Como siempre que íbamos era verano coincidíamos con las bailantas del pueblo tanto en el club como en lo de “Vangela”. Allí tengo unos recuerdos que no olvido de ver un cuarteto de chamamé muy precario y toda la gente bailando descalza en un patio de tierra. Nada mas auténtico. Todo el mundo rebozaba felicidad salvo al final de la noche cuando el alcohol hacía su efectos y sobre todo cuando se descubrían algunas parejas furtivas que se habían gestado esa noche.
Hablar de la gente de 9 de Julio, Corrientes, es hablar de mi propia familia, ya que en una población de 3.000 habitantes todos eran mis parientes, al menos yo les decía tío a la gran mayoría. Sobre todo teniendo en cuenta que tanto mi madre como mi padre son de allí, es decir abuelos paternos, maternos, más todo lo que de allí deriva.
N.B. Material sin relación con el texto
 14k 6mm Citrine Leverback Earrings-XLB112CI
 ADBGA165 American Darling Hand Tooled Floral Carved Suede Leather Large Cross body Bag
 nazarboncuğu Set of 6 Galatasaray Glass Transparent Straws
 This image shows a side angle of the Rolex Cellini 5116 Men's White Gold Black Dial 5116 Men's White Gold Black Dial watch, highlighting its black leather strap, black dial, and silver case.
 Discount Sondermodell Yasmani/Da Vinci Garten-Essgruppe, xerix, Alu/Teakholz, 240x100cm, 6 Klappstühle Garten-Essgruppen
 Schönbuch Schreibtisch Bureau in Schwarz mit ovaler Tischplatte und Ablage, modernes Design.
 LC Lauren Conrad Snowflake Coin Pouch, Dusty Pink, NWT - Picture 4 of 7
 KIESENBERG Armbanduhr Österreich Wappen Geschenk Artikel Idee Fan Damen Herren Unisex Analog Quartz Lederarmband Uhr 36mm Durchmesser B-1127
Qué decir de la hospitalidad de un correntino que no se haya dicho, eso hacía que mis vacaciones estivales fueran algo especial que llevo gravado a fuego en mi corazón.
Hoy después de 30 años está casi todo igual. El pueblo ha evolucionado muy poco, ya que lo han cruzado carreteras que lo transformaron en casi un pueblo fantasma. Ya nadie pasa por allí a no ser que vayas exclusivamente. Por supuesto que, en mi corta visita estuve en el cementerio visitando a mis cuatro abuelos y a todos aquellos que los dejé con vida y que la vida misma se los llevó.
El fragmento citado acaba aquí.